# New Truck After 22 Years



## parallel (Jun 12, 2015)

I've had my Chevy Z-71 extended cab for nearly 22 years and it is finally time to let her go. I've been looking at all of the half ton full size trucks in supercrew and ended up deciding on this 2015 Toyota Tundra SR5 with a TSS Off Road package (which is strange considering it's a 4x2). The kids just LOVE all of the room in the back seat.

I really hate to have a car payment again after nearly a decade and a half without one, but at 0% interest it makes sense to leave the money in the savings account.


----------



## Grunt (Jun 12, 2015)

Very nice truck indeed!

I definitely like the rims.


----------



## DA SWO (Jun 12, 2015)

PLEASE!!!! say you got the 5.7 L engine.


----------



## x SF med (Jun 13, 2015)

So....  now you drive a truck that proclaims "TURD" on the side.  LMFAO!!!  How fitting.

Congrats!


----------



## The Accountant (Jun 13, 2015)

Awesome, now you can tow for NASA!


----------



## parallel (Jun 13, 2015)

x SF med said:


> So....  now you drive a truck that proclaims "TURD" on the side.  LMFAO!!!  How fitting.
> 
> Congrats!


No... reading is fundamental... it says TSS, not TRD.


----------



## parallel (Jun 13, 2015)

DA SWO said:


> PLEASE!!!! say you got the 5.7 L engine.





K9Quest said:


> Awesome, now you can tow for NASA!



Unfortunately not. It seems that it's VERY hard to find a 5.7 that has the split bench front seat which allows seating for six which Mrs Parallel required. So it has the 4.6 V8 and can only tow about 7000 lbs vs 10000.


----------



## DA SWO (Jun 13, 2015)

My wife's (TRD) has the 5.7, I've had it up to 107 pulling 3800 RPM (6000 is redline).

Speed is life.


----------



## x SF med (Jun 13, 2015)

parallel said:


> No... reading is fundamental... it says TSS, not TRD.
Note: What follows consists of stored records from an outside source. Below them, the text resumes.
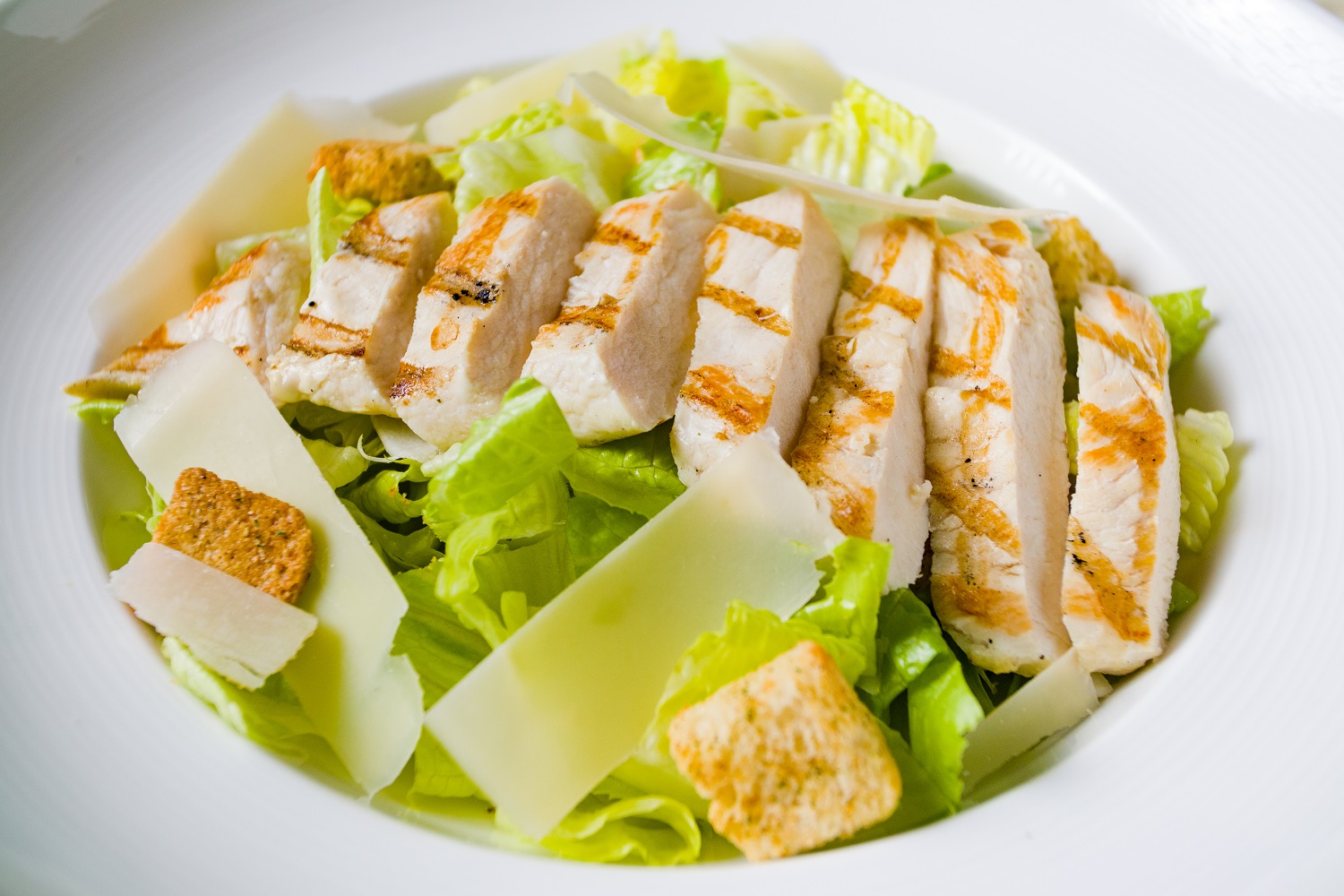 Order Grilled Chicken Salad food online from Fushimi - Staten Island store, Staten Island on bringmethat.com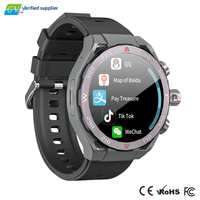 Reloj Inteligente Deportivo para Exteriores VP900 con Tarjeta SIM 4G Android para Hombre, GPS, 2+16G, Cámara AMOLED, IP67, Llamadas Inalámbricas, Monitor de Actividad, Correo Electrónico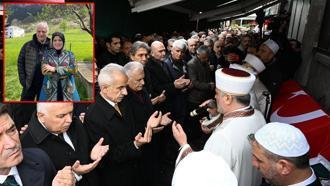 AK Parti'li Köseoğlu’nun acı günü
It was not visible in the pic...  most of them around here are TRD trucks.


----------



## CBTech (Jun 13, 2015)

x SF med said:


> It was not visible in the pic...  most of them around here are TRD trucks.



You have glasses on in your profile pic and can't see it? A little squinting and I can see it says TSS. 

Truck looks good and you can't beat the Toyota truck resale values.


----------



## parallel (Jun 13, 2015)

x SF med said:


> It was not visible in the pic...  most of them around here are TRD trucks.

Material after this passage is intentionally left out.